HERTLING: Not just the strategic objectives, but his military has failed and all the operational and tactical objectives. So it's now a -- he is now backtracking and saying, Hey, what I really wanted was just the Donbas. I think we ought to continue to remind him and I know Ukraine will that you have failed in subjugating the Ukrainian government. You have failed in reaching the objective of the capital city. You have failed in destroying the Ukrainian army. You have failed in increasing the economic capability of Russia by blackmailing Europe, so you have failed in all three things.

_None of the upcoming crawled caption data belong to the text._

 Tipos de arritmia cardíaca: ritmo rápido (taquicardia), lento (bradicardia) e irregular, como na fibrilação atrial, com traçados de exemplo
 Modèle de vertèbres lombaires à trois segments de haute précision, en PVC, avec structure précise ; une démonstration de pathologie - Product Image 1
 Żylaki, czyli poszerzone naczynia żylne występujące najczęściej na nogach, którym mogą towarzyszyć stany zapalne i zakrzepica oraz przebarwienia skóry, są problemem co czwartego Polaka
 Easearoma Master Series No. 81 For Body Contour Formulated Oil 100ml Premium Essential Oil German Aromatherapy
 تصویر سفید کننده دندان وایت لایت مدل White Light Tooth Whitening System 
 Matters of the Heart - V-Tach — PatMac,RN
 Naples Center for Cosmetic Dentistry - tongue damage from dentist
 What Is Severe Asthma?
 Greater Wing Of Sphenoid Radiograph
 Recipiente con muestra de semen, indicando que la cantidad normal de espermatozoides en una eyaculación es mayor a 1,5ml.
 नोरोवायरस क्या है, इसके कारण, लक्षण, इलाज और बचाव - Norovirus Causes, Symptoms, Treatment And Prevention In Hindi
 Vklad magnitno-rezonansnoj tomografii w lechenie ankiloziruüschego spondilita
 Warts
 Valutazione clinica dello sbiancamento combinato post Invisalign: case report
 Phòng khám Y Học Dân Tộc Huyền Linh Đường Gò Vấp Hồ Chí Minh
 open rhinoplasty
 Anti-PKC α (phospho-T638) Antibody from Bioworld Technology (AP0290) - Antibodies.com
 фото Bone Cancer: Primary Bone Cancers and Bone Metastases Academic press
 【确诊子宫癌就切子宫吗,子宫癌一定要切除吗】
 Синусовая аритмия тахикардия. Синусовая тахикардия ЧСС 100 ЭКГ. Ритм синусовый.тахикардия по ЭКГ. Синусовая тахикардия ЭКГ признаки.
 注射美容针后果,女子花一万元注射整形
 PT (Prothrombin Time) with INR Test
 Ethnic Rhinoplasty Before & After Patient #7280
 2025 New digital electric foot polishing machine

And by the way, you add to that the fact that he will never be able to stand on a world stage again. Mr. Putin is dead in terms of a leadership role in Russia. So he can say, Well, what I really wanted to do is, is really take over the Donbas region. What I would say to that is Ukraine's not going to let them do that either. They have generated a momentum for themselves --


HERTLING: -- where even people who were for Russia in the past the Russian speakers in the Donbas are now going to see the criminal activities that Russia and Putin has done throughout the country, and they are no longer going to want to attempt to even join a part of his piecemealing attempted biting off a piece of Ukraine.

BURNETT: And Andrea, into this context, enter the fact that Putin is now banning the publication or airing of any of Zelenskyy's interview with Russian journalists tonight. Now, those Russian journalists are not the Russian state media. Obviously, they are independent Russian journalist, but they got an interview with Zelenskyy.

You know, I know obviously, not a surprise that he would ban it. But I wonder to you, does it signal anything that he has any concern that anything's Zelenskyy is saying or doing or sort of how he's being perceived is getting through to the Russian public?

KENDALL-TAYLOR: Well, he certainly cares, which is why we've seen him increase repression so mightily after the beginning of this war, and we should just step back for one second and remind ourselves that repression has already increased quite significantly in Russia over the last two years.

And that's what you see in authoritarian regimes. These longtime authoritarian leaders, Putin has been there for 22 years, have nothing left in their toolkit. They offer nothing to the people. And so repression is all they have.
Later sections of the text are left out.